Environmental activists have lashed out at the government over its latest list of environmentally responsible companies, saying it has recognized firms with questionable green credentials.
Henri Subagiyo, executive director of the Indonesian Center for Environmental Law (ICEL), said on Friday that the 2011 Proper Index, in which companies volunteer to be assessed and rated for their environmental stewardship, was fundamentally flawed.
“We reject the Proper Index because its rating mechanism is not standardized,” Henri said. “It cannot be used as a legitimate measure [of a company’s environmental impact] because it doesn’t comply [with prevailing standards].”
The index assigns color codes to companies based on their environmental credentials, with black for the worst polluters and gold for those who go “beyond compliance.” While the index serves to name and shame polluting companies, it does not punish offenders or require them to clean up their acts.
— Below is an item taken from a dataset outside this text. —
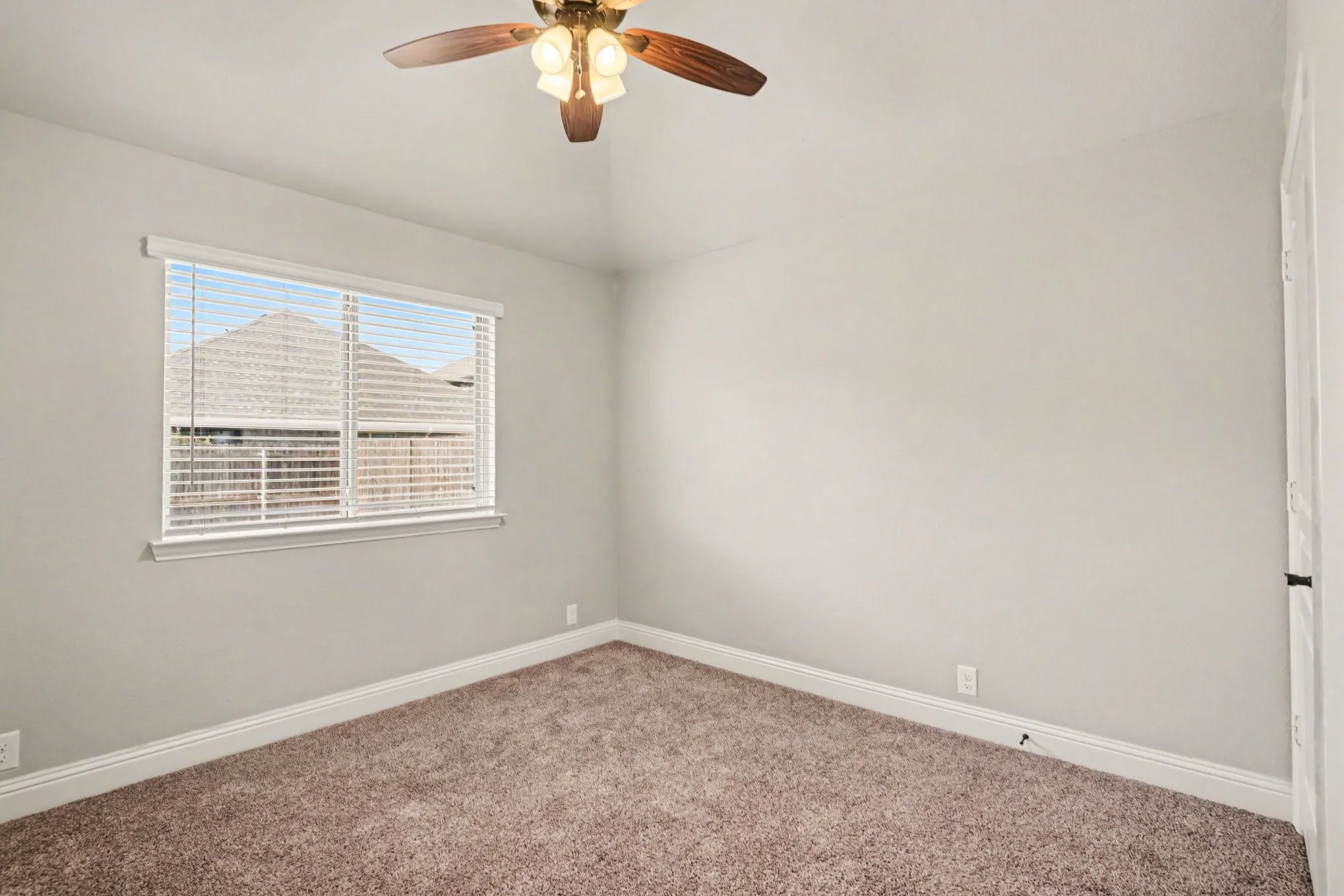 Single Family Residence For Sale in Tarrant County , 4148 Mountain Meadow Road, Fort Worth, Texas 76036, 4 Bedroom, 2 Bathroom, 2 Garage spaces, 2,046 Sqft, built in 2019, mls#21342130, Real Estate Agent in Fort Worth, Homes For Sale in Tarrant county, Homes For Sale in Fort Worth, Realtor in Fort Worth Texas, Real Estate Brokerage Independent Realty Texas, Luminita Cordes Realtor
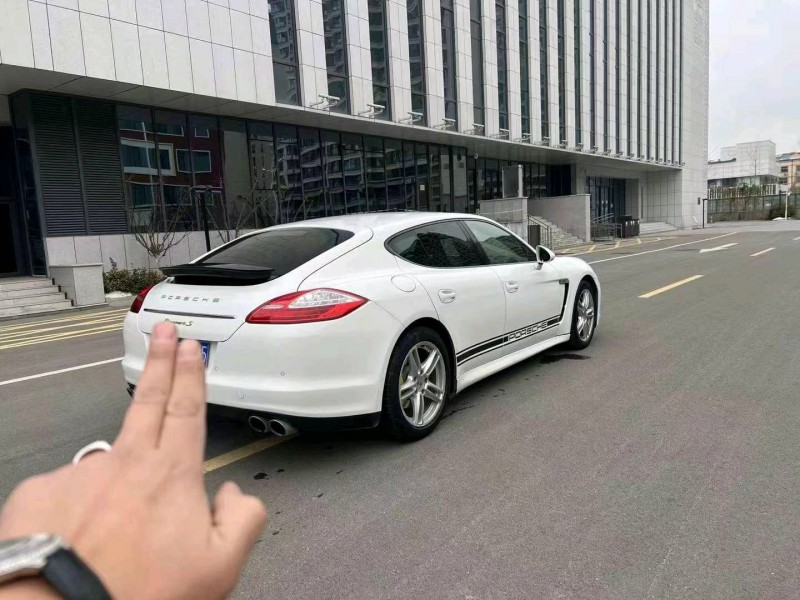 东营12年保时捷帕拉梅拉7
In this year’s list, released late last month, the companies awarded gold ratings included oil firm Medco E&P for its Rimau oil block in South Sumatra; Chevron Geothermal Salak, operating in West Java; and Badak NGL, which runs a liquefied natural gas plant in East Kalimantan.
Others were Pertamina Geothermal for its Kamojang field in West Java, and cement producer Holcim for its Cilacap plant in Central Java.
“The government needs to be judicious about awarding these ratings because they inform public opinion,” Henri said.
“A company can claim that it has complied with environmental regulations yet still be in conflict with local residents.”
The ICEL and several other nongovernmental organizations, including the Mining Advocacy Network (Jatam), have filed a formal protest with the Environment Ministry over the 2011 Proper Index.
They contend that in addition to the gold ratings not being merited, some of the companies with a green rating, the second-highest in the index, are clearly undeserving of the honor.
They cited, among others, Newmont Nusa Tenggara, which operates the Batu Hijau copper and gold mine in Sumbawa, West Nusa Tenggara. The company’s practice of dumping tailings into the sea has earned it the ire of environmentalists and the local population, although it contends that the practice is environmentally sound.
In their protest letter, the NGOs are calling for these companies’ ratings to be rescinded and for a serious environmental evaluation to be carried out into their operations.